Ellos tenían un niño muy alto que jugaba muy bien, nos metió muchas canastas, pero nosotros éramos más rápidos y eso mantenía el partido igualado. Faltando pocos segundos tenían ellos el balón, tiraron de fuera de la botella y fallaron, yo cogí el rebote de potra, porque soy de los más bajitos, pero como dice mi abuelo, “hay que saber estar en el lugar correcto en el momento correcto, con eso es suficiente”. La pasé rápido a Francisco Bala, que ese apellido lo describía perfectamente, y cuando se hizo mayor también, se metía en más de un lío y en el pueblo decían que “era un Bala”. La cogió y nadie lo pilló, entró fácil a canasta y ganamos. Me alegré mucho, pero después menos cuando escuché al entrenador del equipo de Madrid como gritaba a sus jugadores, que eran unos niños como nosotros. Les hizo correr durante una hora más por la pista, para que aprendieran lo que era perder, o algo así creímos escuchar, los adultos dicen muchas tonterías y los niños desconectamos cuando llevan mucho rato hablando. Nosotros nos quedamos a verlos correr, queríamos ver cómo se comportaban los “profesionales”, pero nos pareció más un grupo de niños dirigidos por un gilipollas -perdona la palabra mamá-. No se daban cuenta que eso sólo era un partido de baloncesto entre niños, que no nos cambiaría la vida, ni hacía falta enfadarse tanto por un juego. Estábamos ahí para divertirnos jugando a nuestro deporte favorito, el baloncesto.
Redacción finalista en el premio literario “Bar La Laguna” de Sotillo de la Adrada, año 1981. Escrito por Xavi.
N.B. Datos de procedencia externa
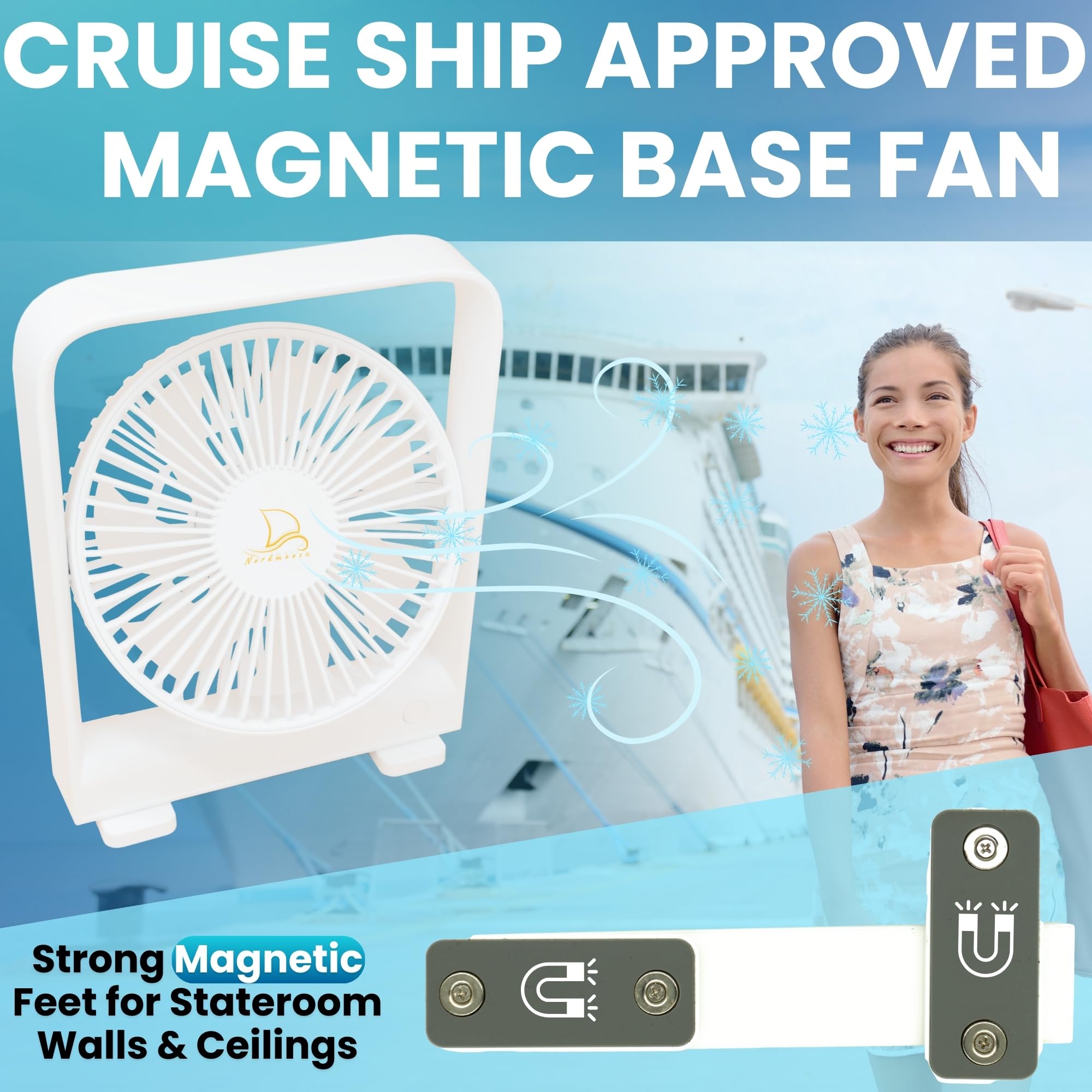 Original Portable Cruise Fan 2025 - Powerful 3-Speed Magnetic Fan for Cruise Ship Cabins, Sticks to Ceilings & Walls - Perfect for Travel, Small Spaces & Hot Weather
Años después coincidí en mi etapa de jugador y de entrenador con varios de esos jugadores que vinieron a jugar a nuestro pueblo. Ninguno tenía un buen recuerdo del entrenador, pero si de los buenos momentos que pasaron juntos como equipo. Ganaron más que perdieron, algún título se llevaron pero ya no recordaban cuales fueron, ni quien metió más puntos, ni quien cogió más rebotes. Su recuerdo era sobre unos buenos días, cuando eran niños, después adolescentes y jugaban a baloncesto.